Data listing:

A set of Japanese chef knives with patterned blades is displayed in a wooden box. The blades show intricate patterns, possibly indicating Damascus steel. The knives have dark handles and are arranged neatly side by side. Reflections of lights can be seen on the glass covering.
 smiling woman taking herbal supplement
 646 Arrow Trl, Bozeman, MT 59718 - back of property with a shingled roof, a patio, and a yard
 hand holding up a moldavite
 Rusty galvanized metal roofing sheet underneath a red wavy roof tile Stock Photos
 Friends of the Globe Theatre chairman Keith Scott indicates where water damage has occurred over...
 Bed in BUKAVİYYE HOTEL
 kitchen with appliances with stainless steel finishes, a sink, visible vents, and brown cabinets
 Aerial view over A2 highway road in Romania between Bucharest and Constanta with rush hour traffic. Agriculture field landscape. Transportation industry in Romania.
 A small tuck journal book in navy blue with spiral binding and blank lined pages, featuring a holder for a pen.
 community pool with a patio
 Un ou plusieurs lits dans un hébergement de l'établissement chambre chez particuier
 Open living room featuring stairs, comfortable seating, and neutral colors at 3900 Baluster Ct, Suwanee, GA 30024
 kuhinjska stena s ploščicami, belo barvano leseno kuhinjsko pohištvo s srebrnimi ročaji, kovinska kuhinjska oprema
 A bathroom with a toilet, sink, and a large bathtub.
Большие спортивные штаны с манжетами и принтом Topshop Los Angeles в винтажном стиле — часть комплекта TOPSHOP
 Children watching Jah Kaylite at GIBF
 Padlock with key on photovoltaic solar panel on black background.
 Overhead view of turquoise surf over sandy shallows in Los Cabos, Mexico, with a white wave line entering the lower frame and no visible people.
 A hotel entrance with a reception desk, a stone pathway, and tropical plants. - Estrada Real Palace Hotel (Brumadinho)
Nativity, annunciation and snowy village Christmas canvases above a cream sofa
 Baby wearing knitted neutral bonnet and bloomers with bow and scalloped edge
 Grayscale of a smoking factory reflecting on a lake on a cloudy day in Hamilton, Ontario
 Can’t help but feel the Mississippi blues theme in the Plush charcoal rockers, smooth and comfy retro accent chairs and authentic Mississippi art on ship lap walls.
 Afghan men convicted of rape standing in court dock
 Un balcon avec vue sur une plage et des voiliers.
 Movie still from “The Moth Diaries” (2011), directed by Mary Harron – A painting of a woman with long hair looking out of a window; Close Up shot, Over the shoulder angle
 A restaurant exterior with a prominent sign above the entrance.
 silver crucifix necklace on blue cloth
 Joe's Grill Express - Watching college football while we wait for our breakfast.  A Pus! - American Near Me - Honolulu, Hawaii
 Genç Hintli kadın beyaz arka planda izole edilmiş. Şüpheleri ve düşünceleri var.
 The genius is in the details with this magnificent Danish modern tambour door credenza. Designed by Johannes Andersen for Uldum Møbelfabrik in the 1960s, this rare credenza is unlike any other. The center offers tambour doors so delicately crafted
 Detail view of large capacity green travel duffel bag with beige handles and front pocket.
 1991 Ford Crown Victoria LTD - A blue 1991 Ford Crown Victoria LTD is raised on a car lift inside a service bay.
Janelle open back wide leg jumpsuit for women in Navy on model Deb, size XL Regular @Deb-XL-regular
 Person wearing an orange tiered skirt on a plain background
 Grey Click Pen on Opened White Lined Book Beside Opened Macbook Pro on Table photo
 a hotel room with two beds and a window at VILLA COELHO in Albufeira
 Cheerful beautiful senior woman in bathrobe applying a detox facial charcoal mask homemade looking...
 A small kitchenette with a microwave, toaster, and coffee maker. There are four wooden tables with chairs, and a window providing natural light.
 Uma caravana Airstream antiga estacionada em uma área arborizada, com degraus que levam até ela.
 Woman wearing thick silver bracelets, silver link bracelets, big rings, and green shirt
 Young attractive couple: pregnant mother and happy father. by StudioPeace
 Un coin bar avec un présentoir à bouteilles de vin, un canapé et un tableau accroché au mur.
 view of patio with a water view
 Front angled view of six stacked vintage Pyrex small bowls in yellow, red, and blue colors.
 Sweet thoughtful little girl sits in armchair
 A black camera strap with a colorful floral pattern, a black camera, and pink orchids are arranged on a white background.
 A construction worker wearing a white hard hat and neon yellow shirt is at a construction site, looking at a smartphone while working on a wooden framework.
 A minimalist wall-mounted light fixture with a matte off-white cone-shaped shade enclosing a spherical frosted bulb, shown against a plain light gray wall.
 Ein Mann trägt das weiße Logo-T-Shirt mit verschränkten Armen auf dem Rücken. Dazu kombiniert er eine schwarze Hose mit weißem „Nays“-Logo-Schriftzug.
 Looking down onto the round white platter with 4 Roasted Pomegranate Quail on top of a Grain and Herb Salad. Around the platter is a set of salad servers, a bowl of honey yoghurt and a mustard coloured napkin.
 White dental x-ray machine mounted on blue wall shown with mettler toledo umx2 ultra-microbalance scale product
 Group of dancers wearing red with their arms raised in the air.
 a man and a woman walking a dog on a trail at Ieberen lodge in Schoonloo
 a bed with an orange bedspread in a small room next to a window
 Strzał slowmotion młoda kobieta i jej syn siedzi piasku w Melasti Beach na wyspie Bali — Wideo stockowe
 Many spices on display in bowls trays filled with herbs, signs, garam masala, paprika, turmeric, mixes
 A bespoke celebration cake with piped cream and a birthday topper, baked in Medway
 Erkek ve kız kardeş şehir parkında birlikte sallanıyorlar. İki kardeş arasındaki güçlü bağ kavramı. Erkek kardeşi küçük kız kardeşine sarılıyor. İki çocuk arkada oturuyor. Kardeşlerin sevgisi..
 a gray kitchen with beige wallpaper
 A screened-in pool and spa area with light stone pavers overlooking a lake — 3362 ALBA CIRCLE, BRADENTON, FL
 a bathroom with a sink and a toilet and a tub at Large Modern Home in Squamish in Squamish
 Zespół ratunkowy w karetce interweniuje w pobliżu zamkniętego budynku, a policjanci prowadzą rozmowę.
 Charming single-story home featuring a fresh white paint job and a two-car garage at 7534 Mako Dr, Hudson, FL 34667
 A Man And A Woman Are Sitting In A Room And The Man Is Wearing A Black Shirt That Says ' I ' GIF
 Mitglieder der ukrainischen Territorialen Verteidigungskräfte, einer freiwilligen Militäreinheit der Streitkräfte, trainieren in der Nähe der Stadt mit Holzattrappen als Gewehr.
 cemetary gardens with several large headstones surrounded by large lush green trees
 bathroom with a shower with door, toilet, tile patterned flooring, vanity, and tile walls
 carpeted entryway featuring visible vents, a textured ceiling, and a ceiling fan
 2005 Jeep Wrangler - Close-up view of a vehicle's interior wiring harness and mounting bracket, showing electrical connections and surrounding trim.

Problem requirements: If a line in the entries holds the string "tile", count it, then state the total and nothing more.

Response area: 2